President Tommy Wiking reported on attending the General Meeting of the International Olympic Committee (IOC) in Rio, Brazil. The Paris Congress introduced various reforms to ensure that the standard procedures and organisational approach within IFAF reflects best practise among global sports associations recognised by the IOC. American football currently has preliminary IOC recognition and is on the path to permanent IOC membership.
Irish representatives elected to key positions
Janice Ward of Ireland was elected to the IFAF Presidium for a four year term and will serve as Secretary of the organisation. Janice’s inclusion on the Presidium makes her one of the most influential people on the International scene in all of Irish sport. Ireland also had a second person elected to a key position; IAFA President Michael Smith was elected Vice-President of IFAF Europe, the Continental Federation representing the member countries in Europe.
The Presidium is the 10 person ‘Board’ of IFAF. Following fresh elections at the Congress, the new Presidium is as follows:
President – Tommy Wiking (Sweden)
Senior Vice President – Robert Huber (Germany)

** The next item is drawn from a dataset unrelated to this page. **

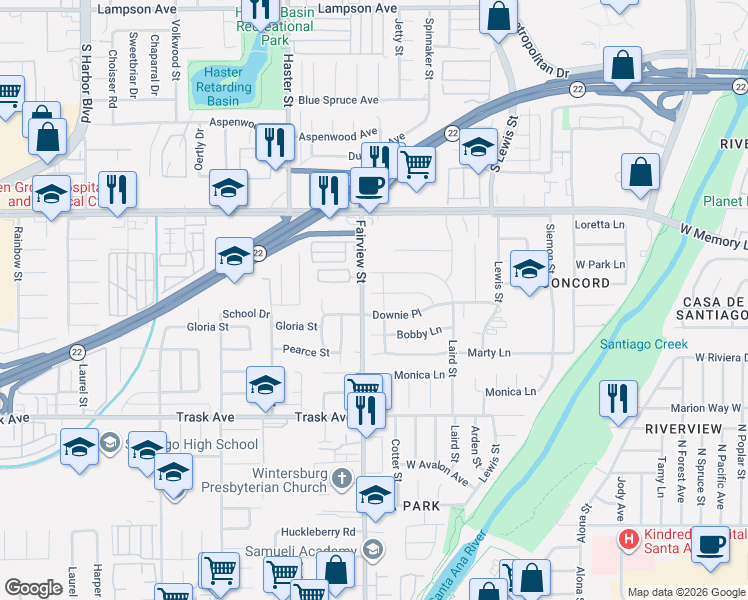 map of restaurants, bars, coffee shops, grocery stores, and more near 2422 Bern Lane in Santa Ana
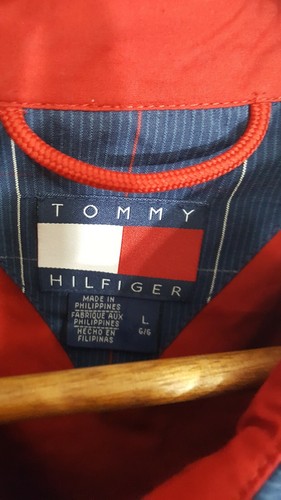Vintage Tommy Hilfiger Plaid Sailing Jacket Size Large Blue Red White - Picture 4 of 4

Vice President – Sahin Komurcu (Turkey)
Vice President – Prof. Leoluca Orlando (Italy)
Treasurer – Marco Antonio Cobar (Guatemala)
Secretary – Janice Ward (Ireland)
Legal Officer – Michel Daum (France)
Ordinary Members – John Mahnen (USA), Anon Raras Mitayani-Hahn (Indonesia) and Namdev Shiraonkar (India)
IFAF Europe becomes a Continental Association
As part of the package of reforms introduced at the Congress, IFAF Europe was established as a Continental Association, replacing the old IFAF Europe subcommittee of IFAF. This will give European member countries, and indeed those in equivalent Continental Associations worldwide, more autonomy in running International national team and club competitions within their own continent. The membership of the IFAF Europe Board consists of many of the key people from the various European competitions including the EuroBowl, EFL, IFAF Champions League and the Atlantic Cup, reflecting the new sense of unity going forward.
The IFAF Europe Board is as follows:
President: Enrique Garcia de Castro (Spain)
Vice President: Michael Smith (Ireland)
General Secretary: Uwe Talke (Germany)
Director of Sports: Romeo Tjoe-A-On (Netherlands)
Others functions in managing committee: Manfredi Leone (Italy), Thomas Ahlberg (Sweden) and Jedrzej Steszewski (Poland).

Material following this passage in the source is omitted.